THE TASK
Any picture must be dropped, but each line of the data should be duplicated exactly.

DATA SEGMENT
§
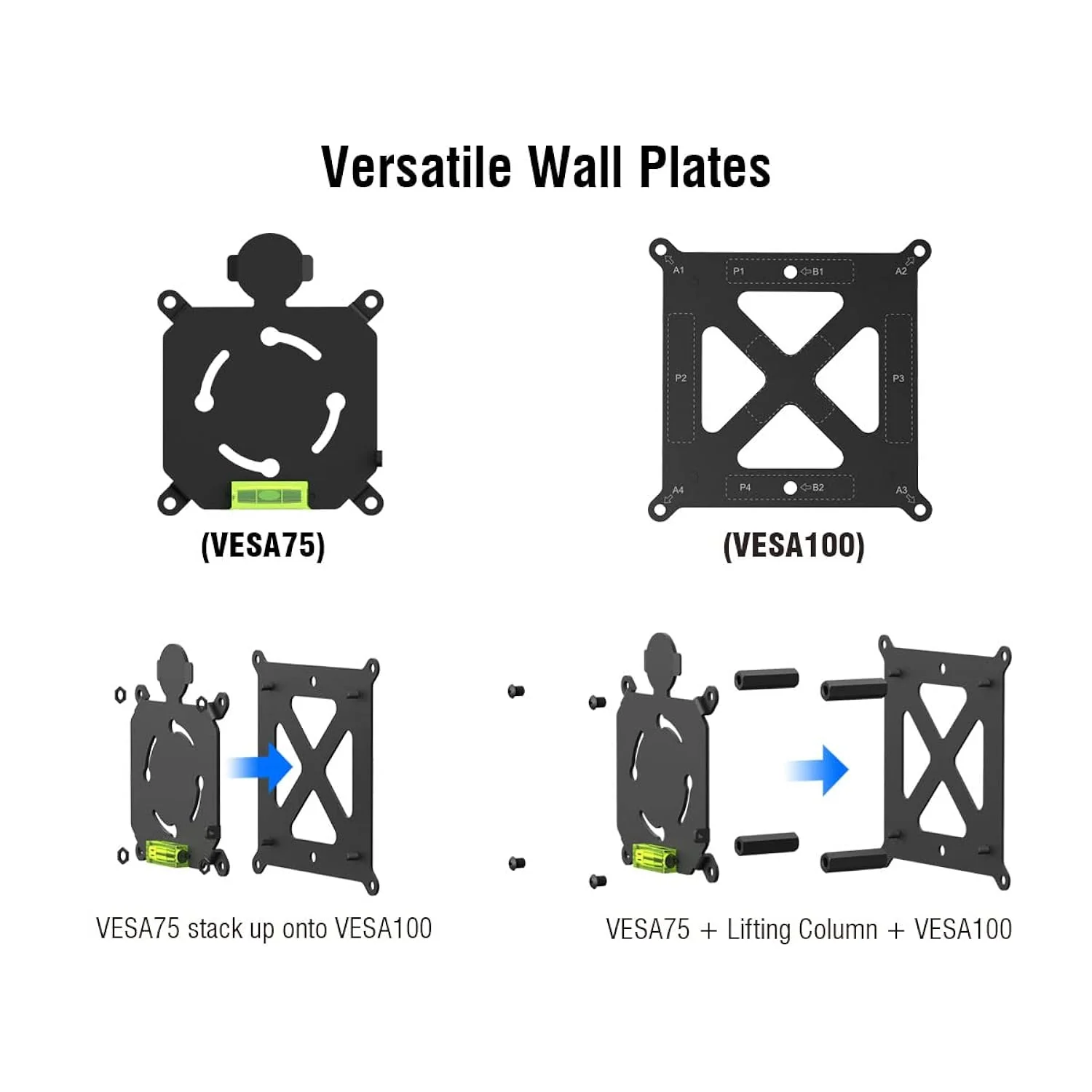 GCP Products Magnetic Wall Mount For Xbox Series X, Metallic Support Bracket With Gaming Headset Hook, Magnets And Built-In Level Design -…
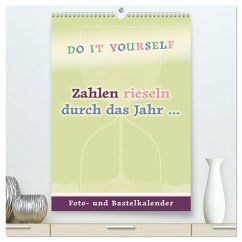 Cover Zahlen rieseln durch das Jahr ... (hochwertiger Premium Wandkalender 2026 DIN A2 hoch), Kunstdruck in Hochglanz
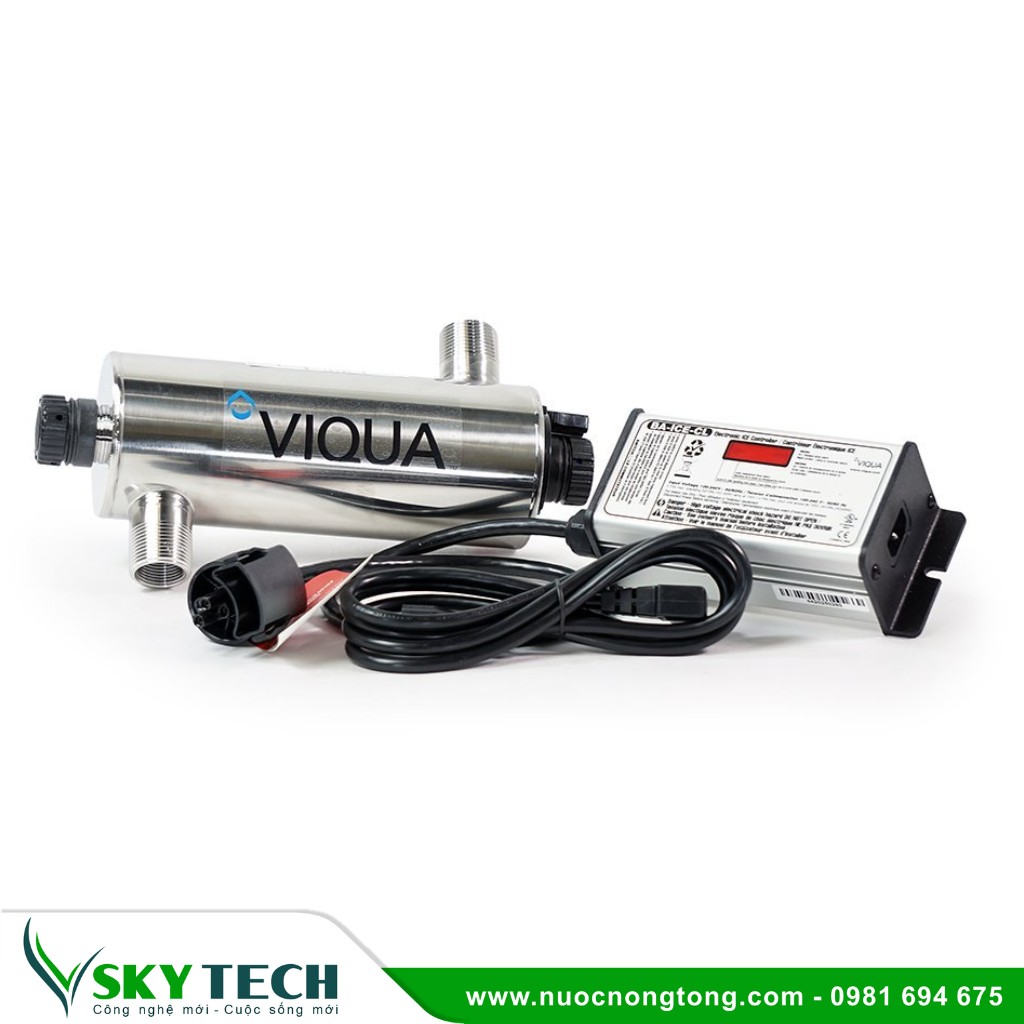 Vat tu phu kien loc nuoc SKY Tech 025 (3) Bộ đèn UV diệt khuẩn nước Viqua Canada VH150 (2,7m3/h)
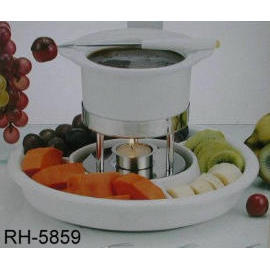 CERAMIC CHOCOLATE FONDUE SET (CERAMIC Schokolade Fondue-Set)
§
OUTPUT FOR THIS EXERCISE
 GCP Products Magnetic Wall Mount For Xbox Series X, Metallic Support Bracket With Gaming Headset Hook, Magnets And Built-In Level Design -…
 Cover Zahlen rieseln durch das Jahr ... (hochwertiger Premium Wandkalender 2026 DIN A2 hoch), Kunstdruck in Hochglanz
 Vat tu phu kien loc nuoc SKY Tech 025 (3) Bộ đèn UV diệt khuẩn nước Viqua Canada VH150 (2,7m3/h)
 CERAMIC CHOCOLATE FONDUE SET (CERAMIC Schokolade Fondue-Set)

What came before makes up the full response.